First off, I did two themes this year, French literature, and then for October, I read a book each week, four in total, that I felt properly conveyed the Halloween and / or spooky spirit. With regard to French literature, I finally read Alexandre Dumas' The Count of Monte Cristo, as well as Victor Hugo's Les Miserables. Both books now rank amongst my favorites. Monte Cristo I found engaging and mysterious, with a long streak of diabolical intent throughout the story. Les Miserables took me some time to read, but Julie Rose's new translation grabbed my attention. Rose has a splendid way of translating French, remaining faithful to the original intent of the phrasing while transcribing it in such a way that it appeals to contemporary readers.

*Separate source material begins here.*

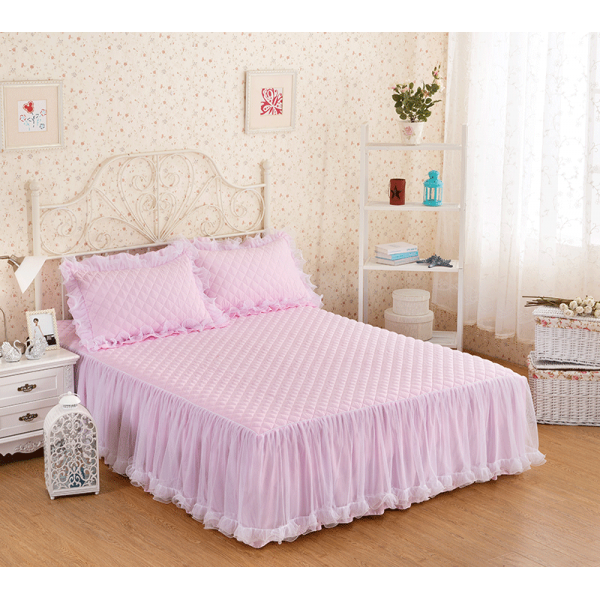 오아시스트리 먼지 난색 유럽식 봄계절 침대스커트 침대커버 품 액세서리 여 논슬립 미끄럼방지 패턴 소드침대 탈착 겹 면 캉캉 사 바칸디핑크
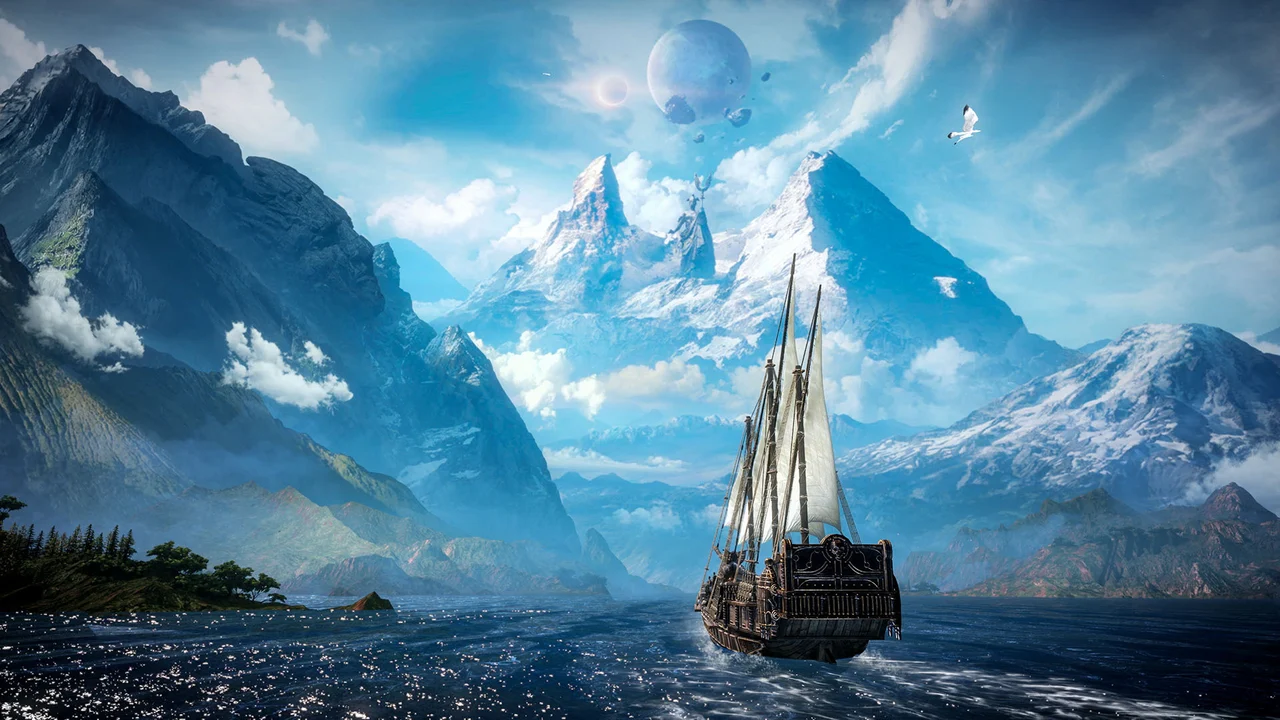 Ship from Lost Ark sailing toars a snowy mountain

If you've not read Hugo's classic, then I highly recommend Rose's translation.

For my Halloween experiment, only one new book truly appealed to me, as Will Storr Vs The Supernatural was an already familiar book to me, but one I hadn't discussed at length before. Of the three other books I read, Jennifer McMahon's Promise Not to Tell had my attention and had me on the edge of my seat. As much a coming of age novel as a suspense thriller, I was drawn into McMahon's gothic world of casual cruelties and friendships that fall by the wayside, but someone revive themselves, even at great cost. McMahon counts high on the list of my favorite new writers.

I confess that I didn't read a whole lot of young adult fiction this year, though I quite liked Suzanne Collins' The Hunger Games (I know, not the most original pick, but I really enjoyed it). As to other things, I read a number of newer theology books, but found that none this year really captured my interest or taught me anything that I hadn't learned elsewhere. That's not to say that things like Michael Parenti's God and His Demons and Paul Berman's The Flight of the Intellecutuals aren't good books, they are, but Parenti strives too hard to be amusing with his style of writing, and Berman feels as if he is talking down to his audience. That said, Terry Eagleton's On Evil is probably my favorite theology or philosophy book I've read this year. Eagleton has a fantastic way of writing, and, being a literary critic, offers comparisons and interesting observations from classical lit while he is making his arguments.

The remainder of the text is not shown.